• [Requirement]
The records must be retyped exactly, with no pictures included.

----------------

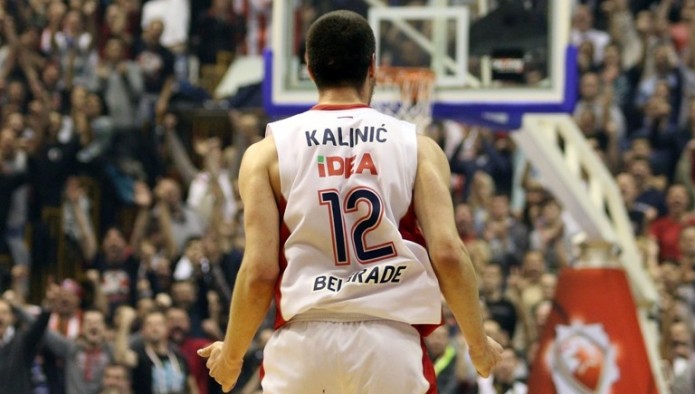 kalinic kos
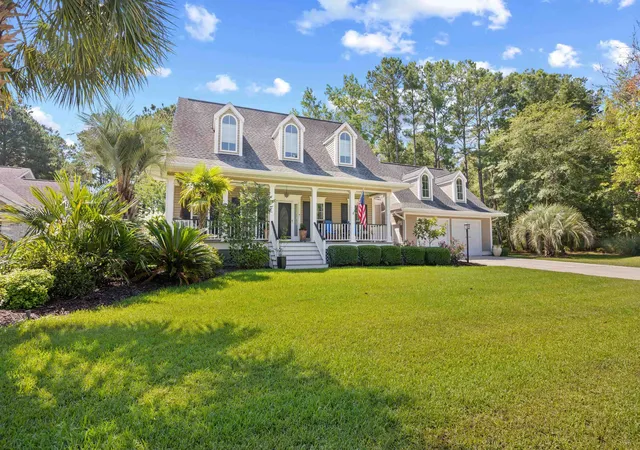 Photo 2 of Single family home for sale at 9506 Indigo Clb Dr, Murrells Inlet, SC 29576 | MLS# 2617298 | Listing updated on 2026-08-03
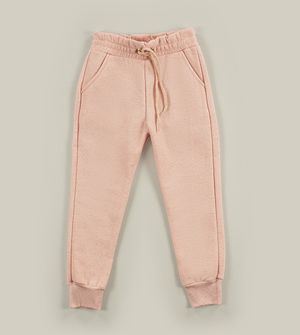 Calça Moletom Girl
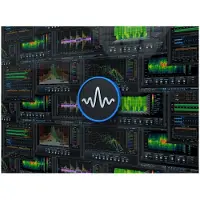 Blue Cat Audio Blue Cat Analysis Pack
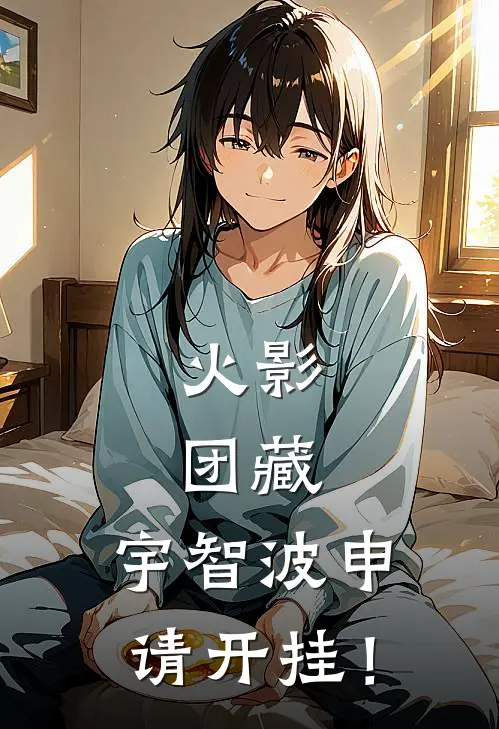 火影：团藏，宇智波申请开挂！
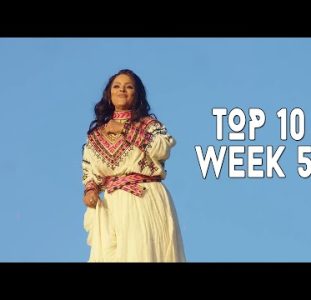 Top 10 New African Music Videos |18 December – 24 December | Week 51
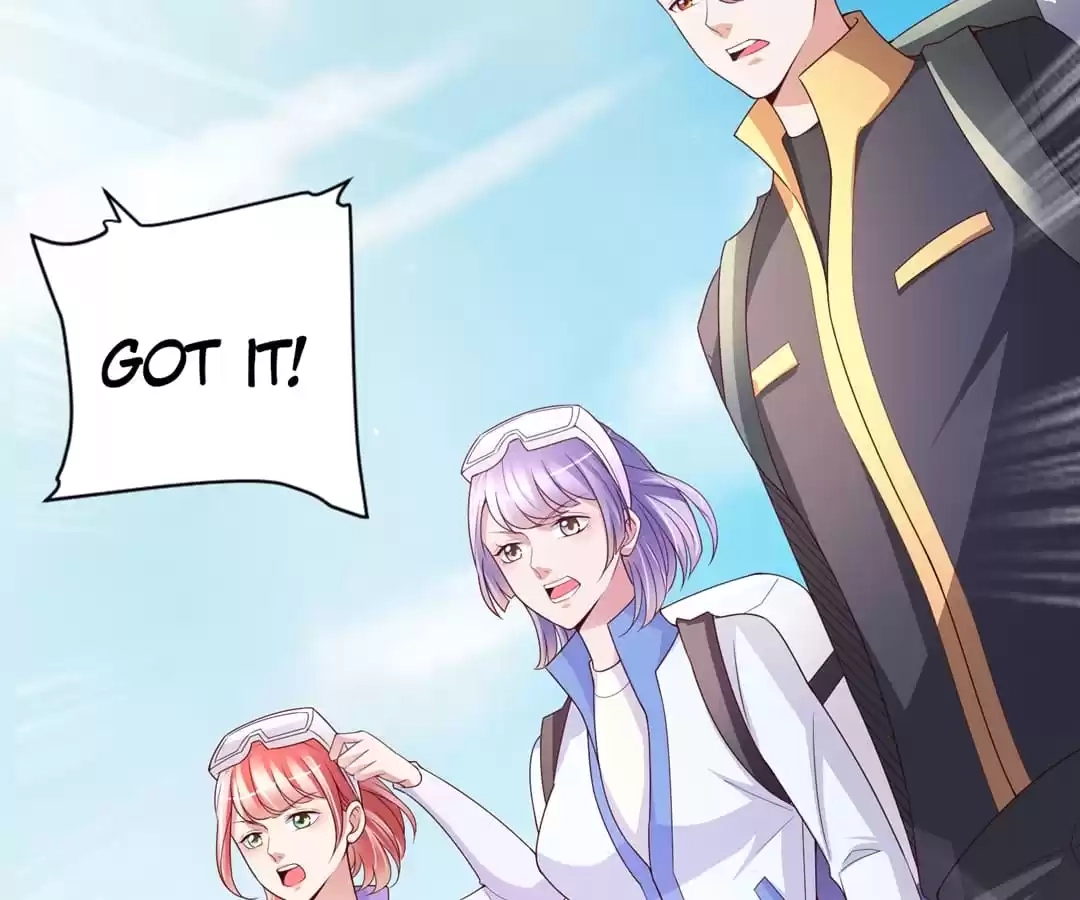 Read Almighty Supreme chapter 18 image 52 on Lezhin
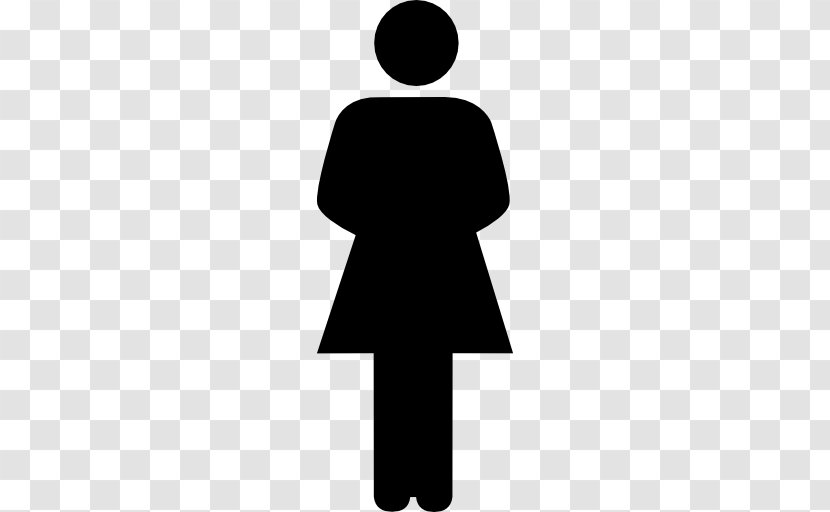 Woman Download - Female Transparent PNG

----------------

• [Problem solution]
 kalinic kos
 Photo 2 of Single family home for sale at 9506 Indigo Clb Dr, Murrells Inlet, SC 29576 | MLS# 2617298 | Listing updated on 2026-08-03
 Calça Moletom Girl
 Blue Cat Audio Blue Cat Analysis Pack
 火影：团藏，宇智波申请开挂！
 Top 10 New African Music Videos |18 December – 24 December | Week 51
 Read Almighty Supreme chapter 18 image 52 on Lezhin
 Woman Download - Female Transparent PNG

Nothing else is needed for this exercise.